The Bellman-Ford algorithm finds single-source shortest distances $$d$$ for a graph of $$|V|$$ vertices by making $$|V|-1$$ passes through all $$|E|$$ edges with weights $$w$$, and then checking each edge $$u \rightarrow v$$, with weight $$w(u,v)$$, for negative-weight cycles. If $$v.d > u.d + w(u,v)$$, then we know that there exists a negative weight cycle consisting of some path from $$v$$ to $$u$$, then the edge $$(u,v)$$. It's straightforward to find every vertex on that cycle and set all their $$d$$ to $$-\infty$$.

However, this also must mean that any vertices reachable from but not on this cycle must also have $$d = -\infty$$. One way to update all their distances is to collapse each cycle to a vertex and then perform DFS from each such "cycle vertex", setting $$x.d = -\infty$$ for every reachable vertex $$x$$.

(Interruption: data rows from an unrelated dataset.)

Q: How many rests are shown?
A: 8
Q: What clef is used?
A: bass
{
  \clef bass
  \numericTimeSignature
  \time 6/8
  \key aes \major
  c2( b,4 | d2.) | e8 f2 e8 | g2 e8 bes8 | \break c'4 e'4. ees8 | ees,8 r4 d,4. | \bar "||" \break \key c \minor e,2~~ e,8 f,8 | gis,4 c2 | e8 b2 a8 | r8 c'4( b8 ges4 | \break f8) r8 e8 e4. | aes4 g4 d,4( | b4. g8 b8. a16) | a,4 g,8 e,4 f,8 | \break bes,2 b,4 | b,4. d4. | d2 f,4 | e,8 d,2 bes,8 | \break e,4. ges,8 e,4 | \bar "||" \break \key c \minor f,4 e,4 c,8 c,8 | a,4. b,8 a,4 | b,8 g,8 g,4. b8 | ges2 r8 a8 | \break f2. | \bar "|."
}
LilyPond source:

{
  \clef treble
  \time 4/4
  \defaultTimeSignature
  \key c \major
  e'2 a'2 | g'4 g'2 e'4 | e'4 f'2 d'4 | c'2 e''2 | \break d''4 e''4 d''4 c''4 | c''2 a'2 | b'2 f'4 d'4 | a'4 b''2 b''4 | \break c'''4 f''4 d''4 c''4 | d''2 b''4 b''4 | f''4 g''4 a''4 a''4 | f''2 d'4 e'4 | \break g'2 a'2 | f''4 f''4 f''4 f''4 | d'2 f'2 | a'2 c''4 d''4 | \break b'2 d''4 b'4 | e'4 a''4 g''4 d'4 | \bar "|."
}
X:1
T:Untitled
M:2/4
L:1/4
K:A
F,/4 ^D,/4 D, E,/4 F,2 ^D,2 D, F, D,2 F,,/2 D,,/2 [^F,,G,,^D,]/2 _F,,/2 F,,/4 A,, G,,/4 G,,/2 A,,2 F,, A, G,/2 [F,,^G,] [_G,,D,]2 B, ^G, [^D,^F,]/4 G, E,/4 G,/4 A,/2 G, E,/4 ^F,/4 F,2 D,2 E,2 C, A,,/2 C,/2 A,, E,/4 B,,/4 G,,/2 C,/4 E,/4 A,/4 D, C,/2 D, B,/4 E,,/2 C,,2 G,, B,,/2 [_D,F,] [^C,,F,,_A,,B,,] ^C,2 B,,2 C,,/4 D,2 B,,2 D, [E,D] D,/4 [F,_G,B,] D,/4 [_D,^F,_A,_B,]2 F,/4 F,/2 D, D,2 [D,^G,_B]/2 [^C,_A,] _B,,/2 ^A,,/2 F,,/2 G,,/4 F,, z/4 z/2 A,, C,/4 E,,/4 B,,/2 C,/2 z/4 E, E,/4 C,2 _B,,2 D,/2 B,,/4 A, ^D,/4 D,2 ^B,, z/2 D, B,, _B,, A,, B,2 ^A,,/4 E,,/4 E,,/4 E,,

I'm wondering if there's a faster way to update all the distances, involving perhaps a smaller modification to Bellman-Ford?

You don't need to perform DFS separately from each such vertex. Instead, add a new fake vertex $$s_0$$, with an edge from $$s_0$$ to each vertex in a negative cycle; use DFS to find all vertices reachable from $$s_0$$; and set their distances to $$-\infty$$. This needs only a single DFS, rather than many DFS's. It is simple and fast; there is no hope for something that is asymptotically faster, as it takes linear time, and in the worst case, you might need to visit all vertices, taking linear time in the worst case.